The curriculum, which is taught over five or six sessions, was developed by JOI, but is sponsored by InterFaithways: Interfaith Family Support Network, a local group that's received a Jewish Federation of Greater Philadelphia grant to develop synagogue programs and events that deepen the relationship between the Jewish community and interfaith families.
"People really want and need to tell their stories," said Gari Weilbacher, managing director of InterFaithways. "This program gives them skills and techniques for sharing their Jewish heritage with their grandchildren."
On a recent Sunday, for example, Axler went through a few ideas for books that grandparents and grandkids could read together during the holiday and offered assorted tips for decorating houses with Chanukah, rather than Christmas, paraphernalia.

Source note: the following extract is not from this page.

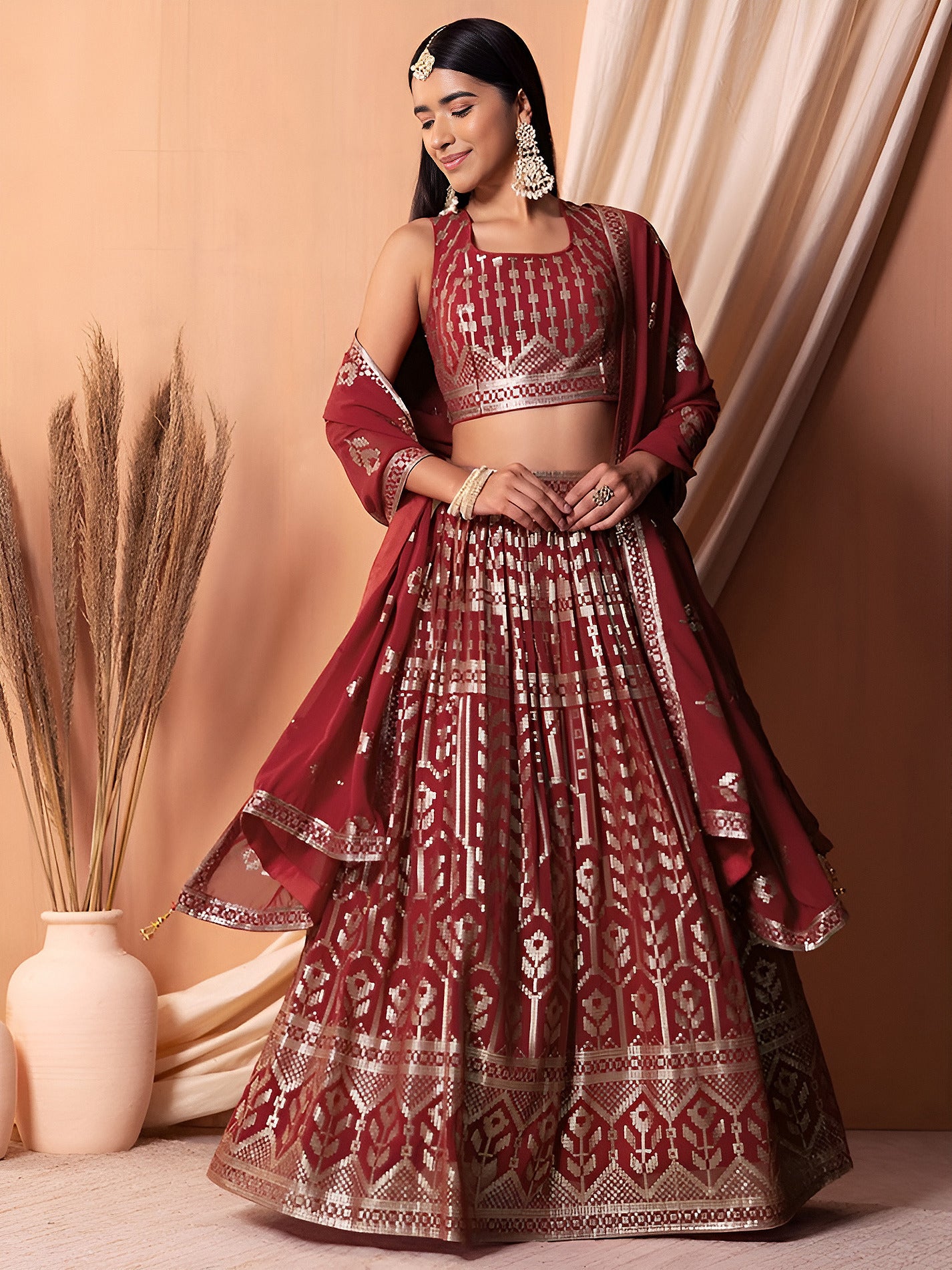 Latest Semi Stitched Lehenga Choli With Dupatta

And together, the group brainstormed about ways to accentuate their own Jewish identity and make it clear how important it is to their grandchildren.
Other bits of advice included opening channels of communication -- whether with e-mail, Facebook or the postal service -- with grandchildren.
That way they can also send and receive, for example, a Jewish-themed electronic card or a package with Chanukah-themed cookies, for example.
And together, they also explored what it even means to denote that someone is "half-Jewish."
"This has been a taboo subject for a very long time," said Axler. "There's a lot of pain, and people are reluctant to engage in the conversation. This time of year is especially difficult, and Chanukah is a really laden time. It could be that the family has a Christmas tree, but no menorah.
"These are all hot-button issues," he stressed.
In the meantime, the grandparents seem to be enjoying a forum that allows for open discussion among peers with similar issues, especially after so many years of silence.
"It mostly goes in one ear and out the other, and so now, we just don't talk about [interfaith issues] at all," said Marlene Weiner of Gulph Mills, who attended the Grandparents Circle with her husband, Arnie.
"We don't want to be pushy," she continued, "but I want the kids to know that Judaism has a lot to offer. I want them to know where they came from."